The monitor Sölve was built in 1875 at the Motala Warf shipyard in Norrköping and was one of a series of seven smaller monitors, which due to their small size could travel up the Göta älv river and defend the towns around Lake Vänern against an attacker. She was equipped with a 24 cm M/69 cannon installed in an armoured turret, as well as two 12 mm M/75 machine guns. The entire ship had to be turned to aim the cannon, and the Sölve was, therefore, also equipped with a bow rudder and two propellers. Between 1899 and 1901 the Sölve was re-armed with a 12 cm M/94 cannon that could be turned laterally 41 degrees. Two 57 mm M/89B cannons were also added to the superstructure.

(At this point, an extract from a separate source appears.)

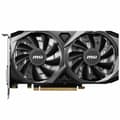 Miniatyrbillede 2 af 4: Grafikkort MSI GEFORCE RTX 3050 VENTUS 2X XS 8G OC GDDR6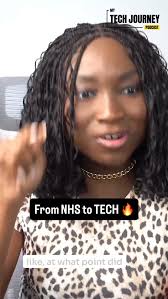 Lola @lolarajii made the bold move to leave her job as a Healthcare  Assistant to become a Scrum Master!, Now, she’s training others to launch  their Tech Careers too💯, This is faith in motion!, Did you ...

After having done its duty helping to protect Swedish neutrality during the First World War, the Sölve was converted into a tanker for the Swedish Navy and renamed Pegasus. In 1949 she was sold to Mobil Oil and was used by the company until the 1980s, when she was moved to the Skeppsupphuggning i Göteborg AB scrap yard at Ringön. It was there that this sensational naval and technologically historical gem was rediscovered in 1984. The hull proved to be the original from the keel plate to the deck, and in order to avoid such a rarity ending up as scrap, a rescue campaign was launched by a number of enthusiasts. Thanks to sponsorship, the Sölve could be rescued from certain scrap death and she ended up here at Maritiman instead. Today the Sölve is the world’s only preserved third-class monitor, and she is moored at Maritiman with the aim of being restored to her original condition.
INVENTOR AND CIVIL WAR
The monitor was originally developed by Swedish inventor John Ericsson for the American Union’s fleet during the American Civil War. The USS Monitor fought the Confederate States’ CSS Virginia in the important battle of Hampton Roads in 1862. Neither ship managed to sink the other, but the Virginia retreated and the Monitor won. The Monitor and the Virginia were among the world’s first armoured ships, and after their appearance in the fleet the era of wooden ships was more or less over.